_WORK REQUEST:_
What you return must be the lines of the data that hold the word "blue".

---------- GIVEN INFORMATION ----------

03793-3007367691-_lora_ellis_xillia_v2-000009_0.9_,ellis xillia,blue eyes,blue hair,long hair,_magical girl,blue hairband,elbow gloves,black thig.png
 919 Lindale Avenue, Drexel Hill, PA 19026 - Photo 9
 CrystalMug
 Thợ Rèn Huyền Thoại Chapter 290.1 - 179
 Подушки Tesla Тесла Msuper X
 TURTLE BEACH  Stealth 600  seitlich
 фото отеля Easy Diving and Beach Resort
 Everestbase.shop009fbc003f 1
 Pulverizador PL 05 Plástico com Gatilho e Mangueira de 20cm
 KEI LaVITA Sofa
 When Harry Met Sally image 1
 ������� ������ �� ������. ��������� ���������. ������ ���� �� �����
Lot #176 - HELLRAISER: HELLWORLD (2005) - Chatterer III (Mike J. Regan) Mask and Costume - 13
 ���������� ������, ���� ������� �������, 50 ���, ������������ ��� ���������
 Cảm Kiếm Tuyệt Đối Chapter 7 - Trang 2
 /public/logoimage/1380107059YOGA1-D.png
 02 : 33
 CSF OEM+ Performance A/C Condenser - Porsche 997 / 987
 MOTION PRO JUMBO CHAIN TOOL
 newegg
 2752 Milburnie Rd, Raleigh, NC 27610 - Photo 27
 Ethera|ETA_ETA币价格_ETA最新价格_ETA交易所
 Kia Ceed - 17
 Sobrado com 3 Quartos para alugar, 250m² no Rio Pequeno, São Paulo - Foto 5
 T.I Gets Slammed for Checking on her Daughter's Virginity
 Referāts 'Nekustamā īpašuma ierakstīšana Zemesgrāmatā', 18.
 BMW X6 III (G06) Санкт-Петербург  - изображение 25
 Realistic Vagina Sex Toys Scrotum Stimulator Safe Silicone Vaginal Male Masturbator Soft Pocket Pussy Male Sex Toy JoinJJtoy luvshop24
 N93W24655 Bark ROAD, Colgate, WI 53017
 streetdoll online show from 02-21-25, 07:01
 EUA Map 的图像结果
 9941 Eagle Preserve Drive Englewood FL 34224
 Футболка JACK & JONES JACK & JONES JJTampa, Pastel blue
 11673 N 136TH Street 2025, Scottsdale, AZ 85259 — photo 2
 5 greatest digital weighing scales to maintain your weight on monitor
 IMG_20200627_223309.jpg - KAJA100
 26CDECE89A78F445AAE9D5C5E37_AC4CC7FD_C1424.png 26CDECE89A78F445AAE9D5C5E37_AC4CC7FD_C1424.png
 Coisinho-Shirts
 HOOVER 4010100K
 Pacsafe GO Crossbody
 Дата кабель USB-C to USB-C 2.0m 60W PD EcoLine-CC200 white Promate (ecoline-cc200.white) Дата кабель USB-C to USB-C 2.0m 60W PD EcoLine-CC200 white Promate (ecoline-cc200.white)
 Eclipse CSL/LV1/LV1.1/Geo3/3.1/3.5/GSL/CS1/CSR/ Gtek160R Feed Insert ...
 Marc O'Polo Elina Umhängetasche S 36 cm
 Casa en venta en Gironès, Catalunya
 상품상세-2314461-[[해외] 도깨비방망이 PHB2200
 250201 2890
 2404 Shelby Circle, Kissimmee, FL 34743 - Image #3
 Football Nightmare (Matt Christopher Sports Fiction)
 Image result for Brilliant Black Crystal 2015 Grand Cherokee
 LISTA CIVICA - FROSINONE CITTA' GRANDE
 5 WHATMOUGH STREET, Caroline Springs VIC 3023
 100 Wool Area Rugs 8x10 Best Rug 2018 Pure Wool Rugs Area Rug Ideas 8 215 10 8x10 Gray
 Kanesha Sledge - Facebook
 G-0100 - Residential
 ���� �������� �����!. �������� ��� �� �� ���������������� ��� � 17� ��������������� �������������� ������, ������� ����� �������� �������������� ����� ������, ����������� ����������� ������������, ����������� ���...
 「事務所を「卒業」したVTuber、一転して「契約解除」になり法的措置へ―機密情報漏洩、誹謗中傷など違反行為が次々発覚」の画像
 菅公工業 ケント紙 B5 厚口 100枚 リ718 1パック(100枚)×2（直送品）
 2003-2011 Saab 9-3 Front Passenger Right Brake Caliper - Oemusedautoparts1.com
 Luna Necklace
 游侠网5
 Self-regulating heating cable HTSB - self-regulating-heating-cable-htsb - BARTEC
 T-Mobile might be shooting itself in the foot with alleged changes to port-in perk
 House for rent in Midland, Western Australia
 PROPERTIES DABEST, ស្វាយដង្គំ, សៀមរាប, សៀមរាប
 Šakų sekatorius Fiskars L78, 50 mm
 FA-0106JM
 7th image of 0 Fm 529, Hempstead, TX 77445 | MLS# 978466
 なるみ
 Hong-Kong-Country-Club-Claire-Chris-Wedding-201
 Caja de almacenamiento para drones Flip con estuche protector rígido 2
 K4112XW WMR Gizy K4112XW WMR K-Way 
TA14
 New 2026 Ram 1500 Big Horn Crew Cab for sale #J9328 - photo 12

----------

_EXERCISE ANSWER:_
03793-3007367691-_lora_ellis_xillia_v2-000009_0.9_,ellis xillia,blue eyes,blue hair,long hair,_magical girl,blue hairband,elbow gloves,black thig.png
 Футболка JACK & JONES JACK & JONES JJTampa, Pastel blue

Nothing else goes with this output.